ETC2 Brings New
E. coli Testing Technology to Market

E coliThe Environmental Technology Commercialization Center (ETC2) was established in 1998 as a cooperative agreement between Battelle Memorial Institute and the U.S. Environmental Protection Agency’s (EPA) Federal Technology Transfer Office. In its role as a technology intermediary, Battelle’s ETC2 assists industries in licensing EPA technologies that may expand their business opportunities. Recently, ETC2 has been working with a new technology that offers improvements in the area of total coliforms and E. coli testing in the drinking water and food and beverage industries.

Foods, drinking water, and other beverages must be free of microbial contamination from pathogens in order to protect human health. Total coliforms and Escherichia coli (E. coli) are routinely monitored microorganisms, which may indicate the presence of pathogens in food, drinking water, and beverages.

Over the past 10 years, scientists have shown that it is possible to formulate a culture medium to simultaneously detect both total coliforms and E. coli in food or water samples. The media are based upon the specific enzyme activity of the target organisms on fluorescent or chromogenic indicators. The enzymes produced by the coliforms or E. coli hydrolyze and react with the enzyme substrates in the medium to form fluorescent and/or colored products. By combining two indicators into one media, it is possible to simultaneously detect the presence or absence of either total coliforms or E. coli or both.

In 2000, the U.S. EPA obtained a patent on a membrane filter medium (MI Agar) that can be used to enumerate both total coliforms and E. coli or indicate the presence or absence of them. Testing with MI Agar can be applied to food or drinking water products, or applied to in-plant quality control testing.

MI Agar is a unique combination of two enzyme substrates (a fluorogen and a chromogen), a selective base agar, and an antibiotic inhibitor in a membrane filter medium. Application of MI Agar is relatively simple. A liquid sample is passed through a membrane filter. The filter, which retains the bacteria present in the water sample, is placed on MI Agar, incubated, and then examined. Results are usually available in 16-24 hours, and some positives may be detected in as little as 9 hours.

Licensees of the technology can capitalize on the technology’s already existing value. As an example, MI Agar is already approved for monitoring drinking water under the Total Coliform Rule and for source water under the Surface Water Treatment Rule.
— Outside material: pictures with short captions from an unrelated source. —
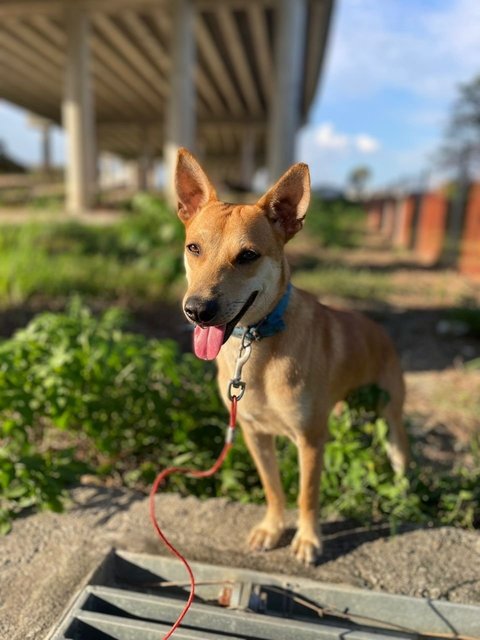 Brownie - Mixed Breed Dog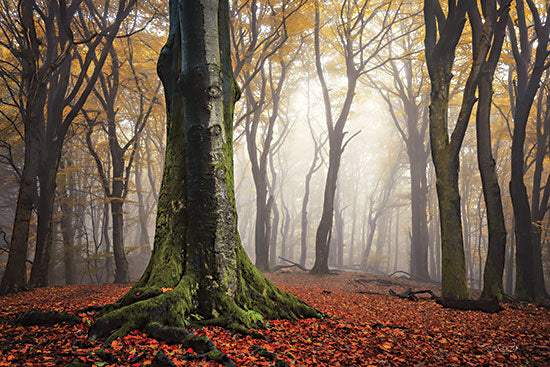 Martin Podt MPP863 - MPP863 - Autumn in the Forest - 18x12 Trees, Forest, Landscape, Photography, Fall from Penny Lane
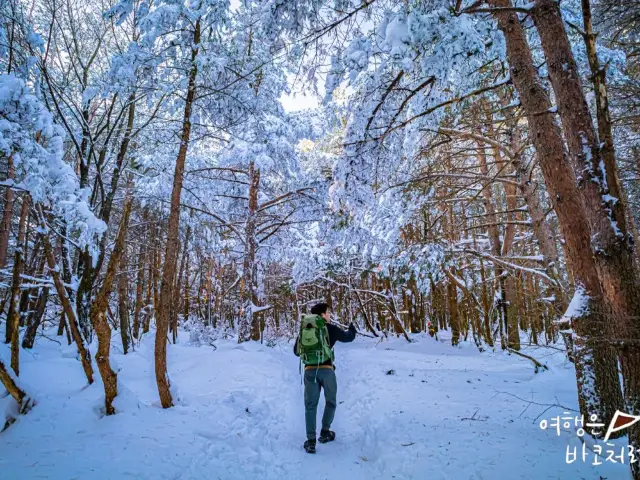 겨울 한라산 등반하면서 보는 눈꽃여행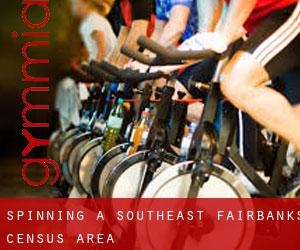 Spinning a Southeast Fairbanks Census Area
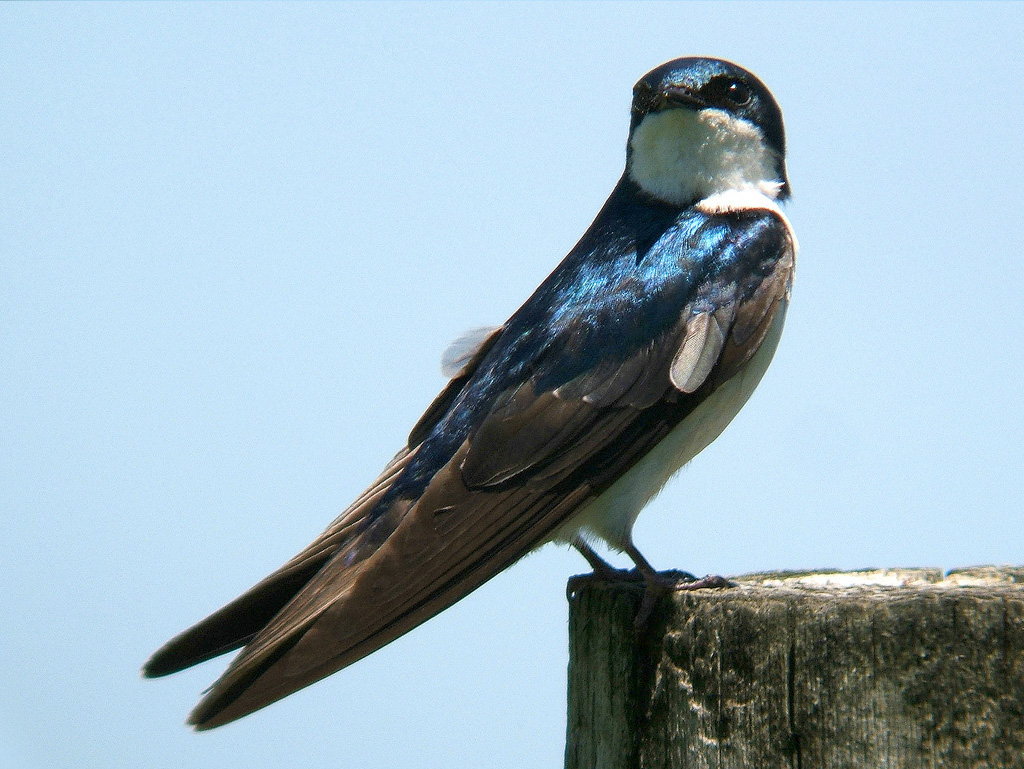 Swallow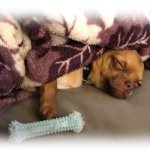 Sleepy dog
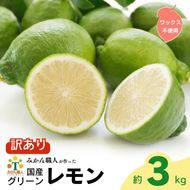 訳あり レモン （ グリーンレモン ） 3kg りのか 【発送期間:8月中旬～11月中旬】 レモン 減農薬 柑橘 檸檬 くだもの 果実 国産 愛媛 みかん職人武田屋 ブランド 愛媛県産 産直 無添加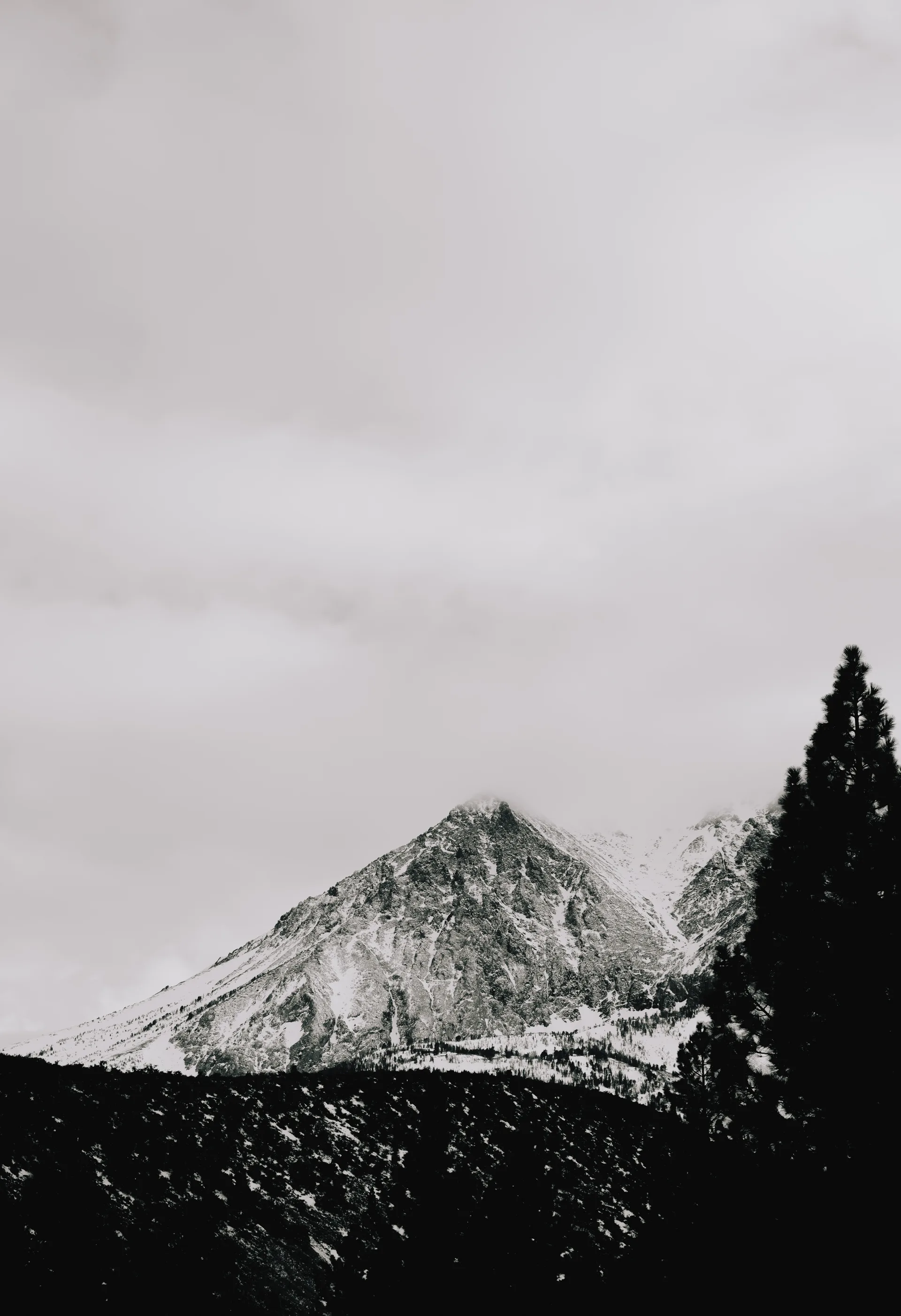 Photograph at June Lake
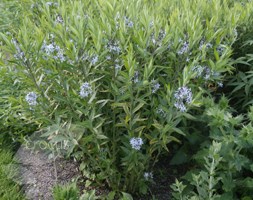 amsonia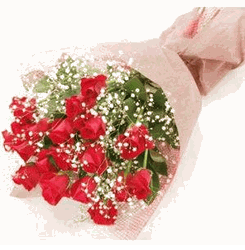 18 Red roses bouquet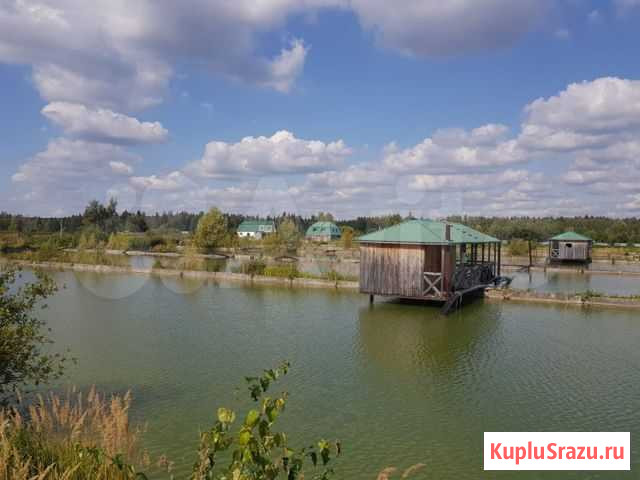Действующий рыболовный клуб рыбхоз рыбное хозяйств Фрязино - изображение 1
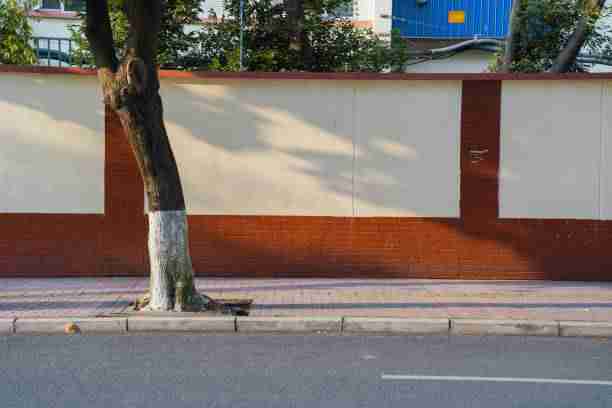 最新黑料官网报道真相，最新黑料官网报道真相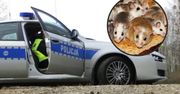 Chcieli wytruć myszy. Przez toksyczny środek nie żyją dzieci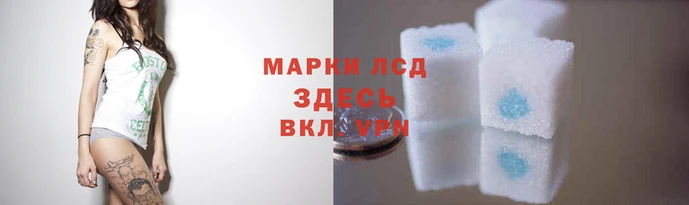 ГАЛЛЮЦИНОГЕННЫЕ ГРИБЫ Абинск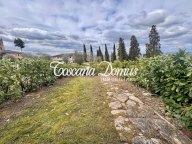 vendita terratetto Asciano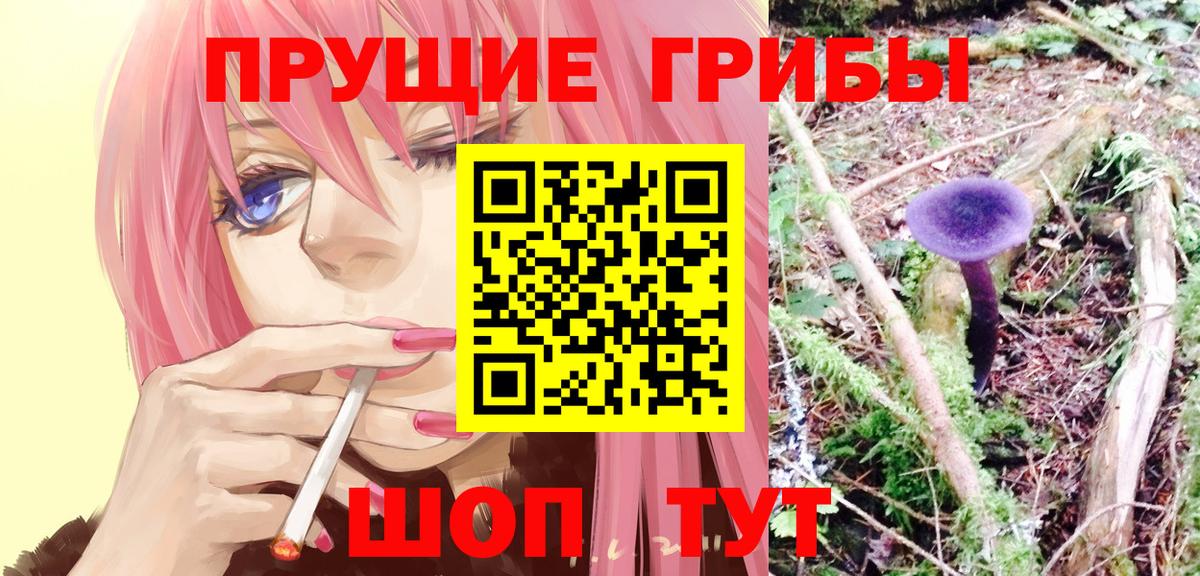 Галлюциногенные грибы Psilocybine cubensis  Вход с VPN  Санкт-Петербург 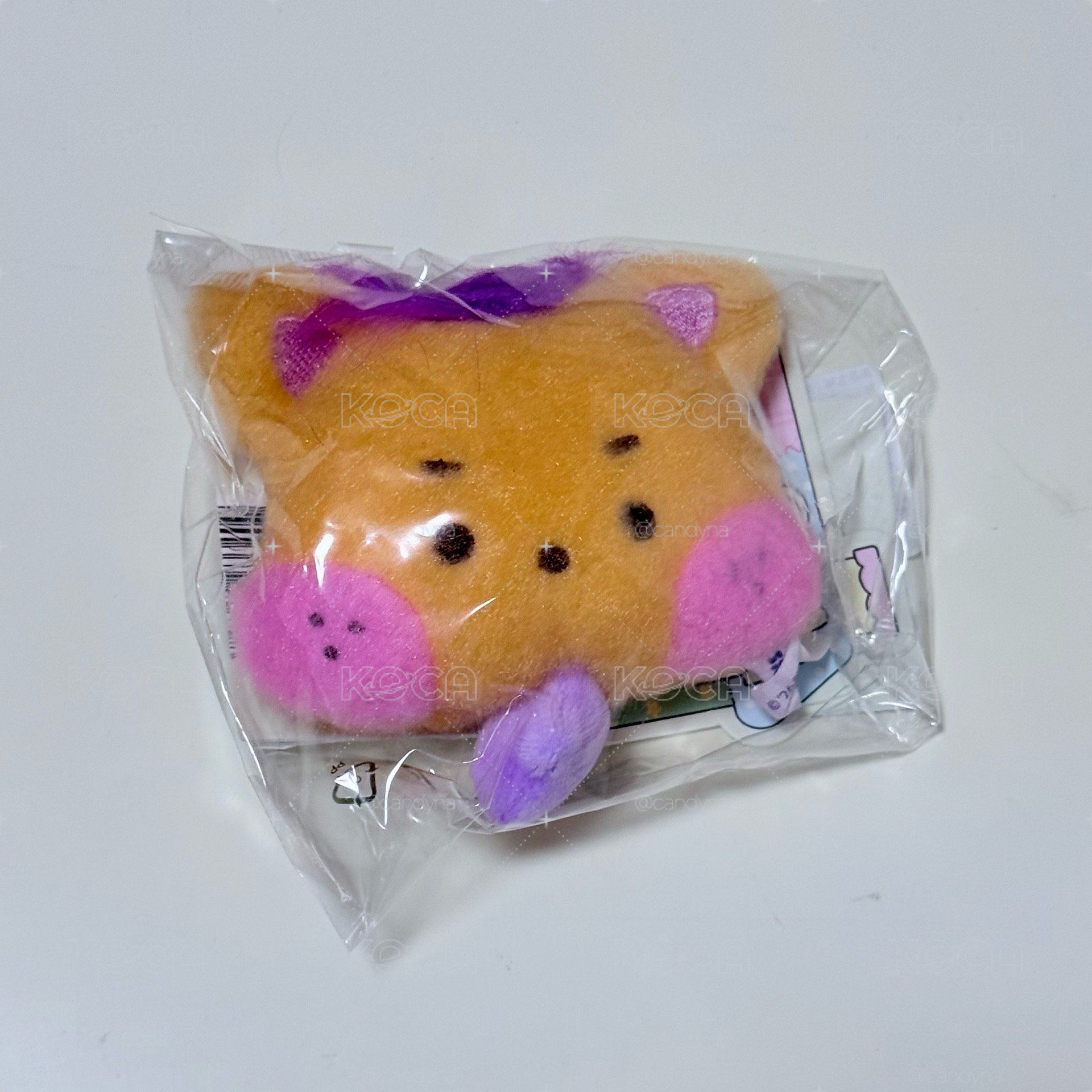 SION各種娃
This significantly reduces the time to bring the product to market in the drinking water industry.

In addition, MI Agar’s ability to provide qualitative and quantitative results is an advantage over simple presence/absence tests presently used in the food, drinking water, and beverage industries.

During 2000, Battelle’s ETC2 facilitated both a non-exclusive license and a Cooperative Research and Development Agreement (CRADA) for S&S Biopath with the U.S. EPA. A subsidiary of Schleicher & Schuell, S&S Biopath is a scientific products company that offers a variety of inspection and safety products designed for home use, as well as the various industries that handle and prepare food and beverages, including bottled and fountain sodas, drinking water, wines, and beers. Additional licenses with other companies are expected to follow.

Due to Battelle’s licensing facilitation, S&S Biopath is already offering the MI Agar product for sale to its customers. In addition, S&S Biopath is working to develop other forms of the MI Agar by embarking on a CRADA to work with the U.S. EPA researchers who invented MI Agar. Collaboration with the U.S. EPA will speed the new product development and the new products will allow S&S Biopath to bring new easier to use versions of the media to their customer base.

EPA is very pleased with the results of Battelle’s ETC2 program. As Larry Fradkin, the Director of U.S. EPA’s Federal Technology Transfer Act Office, explains, “The License/CRADA combination is really a win/win deal for both U.S. EPA and S&S Biopath. U.S. EPA ensures that a new improved technology for protecting human health reaches the market in a timely fashion, and S&S Biopath expands and improves their product line while working with the expertise of the U.S. EPA to speed the process.”

S&S Biopath is very pleased with the new product and the research opportunities made available to them through ETC2. “We’re very excited to be the first company selling MI Agar—ETC2 assistance to S&S Biopath during the licensing process helped to speed our release of the new product,” reports Joseph Small, president of S&S Biopath. “Our plans to develop other forms of the media should expand sales even further. It’s a great help to us to have U.S. EPA expert input as we develop these new forms.”

Kris Brenner, a U.S. EPA microbiologist and co-inventor of MI Agar with colleague Cliff Rankin says, “We’re glad to see that the product we developed is now commercially available. It’s an improvement in the methods used on a daily basis to protect our drinking water.”